As the MEGA app is continuing development, the training materials for nurses on mental health and health care are ready for testing and implementation. The pilot test was carried out by the UFS team in actual settings. The training was conducted in a boardroom of the Heidedal Community Health Centre (CHC) at the Pelonomi Hospital in the Free State province. Despite the clinics being busy with their daily work, the training was prioritised, and one nurse and one social worker of the clinic were released for the pilot training for one full day.
In preparation, the trainer of the UFS team put together a book with the relevant training materials and supplements supplied by the MEGA project as well as an additionally sourced video on depression, a contextually appropriate article on depression conducted among Sesotho speaking respondents in the Mangaung Metro area, where the UFS team focuses their MEGA project activities. The Free State team further included a cultural competency test in the materials.
Despite meticulous planning and preparation, the UFS team faced some challenges. An unannounced taxi strike occurred on the day the training was scheduled for. As a result, several nurses working in the facility were absent, and the nurse who was earmarked to be trained could not be spared because the clinic was severely short-staffed. Only the social worker was released for the training.
The training commenced at 09:00. After an hour of training, the trainee informed the team that she is unable to stay much longer as she must attend to patients at a special clinic on a Wednesday (which was the training day). The team was not informed about this situation beforehand. The team requested the trainee to at least complete the Personal Reflection checkbox sheet and to go through the app questions and get her impressions on that and the training she was able to undergo. Completing the checkbox sheet took up 10 minutes and going through the evaluation took up 30 minutes.
The trainee expressed her gratitude for the training and the book with training materials and supplementary information on mental health and mental health care, and expressed that she would like to be part of the rest of the training, provided it is spread over two-hour sessions and several days – on days and times that suit all the trainees identified for the training.
It is clear from the pilot experience that it may prove challenging to recruit nurses for the eventual formal training, and to get their buy-in. Furthermore, the UFS MEGA team will have to customize the training per the needs of clinics. The team will have to work very hard to get buy-in from the Free State Department of Health, facility managers and the identified trainees for the training to take place successfully.
It should also be noted that mental health care is a lower priority part of the public health care system in the Free State, and presumably elsewhere in South Africa. In general, mental healthcare receives less time, attention and resources in comparison to other health care programmes. For this reason, it may be difficult to recruit nurses for training.

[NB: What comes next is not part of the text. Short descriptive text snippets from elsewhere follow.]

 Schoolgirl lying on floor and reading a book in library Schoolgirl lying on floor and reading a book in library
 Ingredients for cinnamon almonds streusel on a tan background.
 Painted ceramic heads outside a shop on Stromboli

A short evaluation of the training that did take place on the day was conducted. The trainee was asked to name mental health/illness topics she would like to see included in the eight-hour training course on mental health and mental health care. She indicated that she would like to see information on depression and stress and the differences between the two. These two concepts are contextually not often separated by the patients and some nurses. The same is true for PTSD and anxiety. It is important to include clear guidelines for nurses to distinguish between stress, depression, PTSD and anxiety.”

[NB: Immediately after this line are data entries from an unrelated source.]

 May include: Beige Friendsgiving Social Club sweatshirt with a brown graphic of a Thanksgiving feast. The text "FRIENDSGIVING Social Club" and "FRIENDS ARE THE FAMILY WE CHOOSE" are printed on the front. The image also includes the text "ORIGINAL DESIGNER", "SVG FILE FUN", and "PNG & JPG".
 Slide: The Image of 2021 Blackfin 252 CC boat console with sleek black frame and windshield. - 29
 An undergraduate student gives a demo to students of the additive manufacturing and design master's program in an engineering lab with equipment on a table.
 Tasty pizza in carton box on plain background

She also suggested information for nurses and social workers pertaining to referral to a psychiatric unit or a psychologist/ psychiatrist. Clear guidelines should be provided about when a patient can be treated in a clinic and when a patient should be referred for a higher level of care.
The trainee was also asked her opinion about the scheduling of the training. She indicated that a whole day is too long to take personnel out of their duty, as clinics are short-staffed. It will, therefore, be better to break up the training into two hours over several days.